Germer: Kannst Du das konkretisieren? Wo siehst Du Dinge, die in Deiner Arbeit mit Inspiration zu tun haben?

Huber: Ich habe mich jetzt wieder über dieser Arbeit für den Künstlerbund daran erinnert, daß ich schon in den achtziger Jahren eine Arbeit mit dem Titel 'What we take there to be is pretty much of what there is' gemacht habe, bei der ich immer einen Fotoapparat dabei hatte und alles das fotografiert habe, was mir irgendwie aufgefallen ist, von was ich irgendwie auf eine unerklärbare Art und Weise fasziniert war. Und ich habe das ein Jahr lang gemacht. Das war auch der Zeitpunkt, als wir nach Mannheim gezogen sind, 1984. Und wenn Du neu in eine Stadt ziehst, siehst Du die Dinge ja zum ersten Mal. Und in einer besonderen Weise reagierst Du darauf. Da ist noch keine Gewohnheit da. Und da habe ich immer das fotografiert, was mir einfach auffiel. Und mir war oft nicht klar, warum mir manche Dinge ins Auge fallen, andere dagegen nicht, und so ... Und das hat etwas mit dieser ersten Faszination zu tun.

Germer: Ich würde das umgekehrt sagen.

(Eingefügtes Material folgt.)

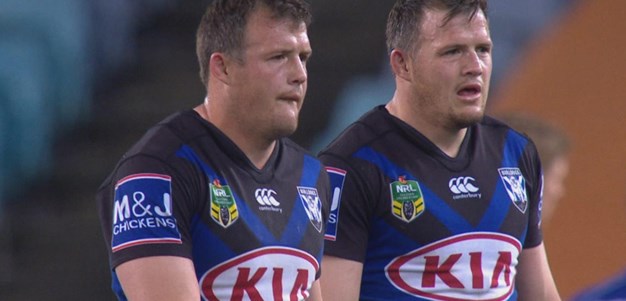 Morris hoping to extend Bulldogs stay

Von dem, was ich gesehen habe, von Deinen Arbeiten, hab ich das Gefühl, daß Du versuchst, die Problematik des Anfangs genau zu umgehen. Also: Collagen zu machen, von bearbeiteten Materialien auszugehen. Im Grunde sich genau dem Druck zu entziehen: hier beginnt die Schöpfung, sondern zu sagen: es gibt einen Text, der dem eigenen Werk vorausgeht und das eigene Werk ist eine Störung. Mir schien das vielmehr so, daß es eher eine secunda idea wäre als eine prima idea.

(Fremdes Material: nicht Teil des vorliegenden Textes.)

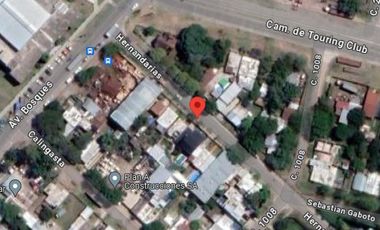 Galpón en venta - 360mts2 - Berazategui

Huber: Natürlich ist klar, daß dieses Konzept der ersten Idee ein Blödsinn ist. Denn wenn man danach zurückfragt, was ist denn der erste Eindruck, den ein Mensch hat, dann kommt man irgendwie auf den Fötus im Mutterleib zurück und auf die Befruchtung der Eizelle durch den Samen. Dann muß man weiterfragen, ist die Befruchtung einer Eizelle wirklich die erste Idee? Dann kommt man darauf, daß die Funktion von Eizelle und Samen selbst wiederum eine komplexe Transformation im Zusammenhang der langen evolutiven Gattungsentwicklung darstellt, usw. Also, diese Frage ist Quatsch. Man kann sie nicht beantworten. Ich würde das eher als eine gezielte Transformation sehen. Ausdifferenzierte Zustände werden durch irgendwelche Eingriffe in ihrer Dynamik vehement verändert. Es sind feste Bilder, die sind schon da, die sind schon an irgendeinen Endpunkt gelangt. Sie sind eigentlich tot. Aber dadurch, daß ich in das Verhältnis eingreife, bringe ich eine gezielte Störung ein, und dadurch löse ich einen Prozeß aus, der wieder zu einer Transformation und zu einem anderen Zustand führt.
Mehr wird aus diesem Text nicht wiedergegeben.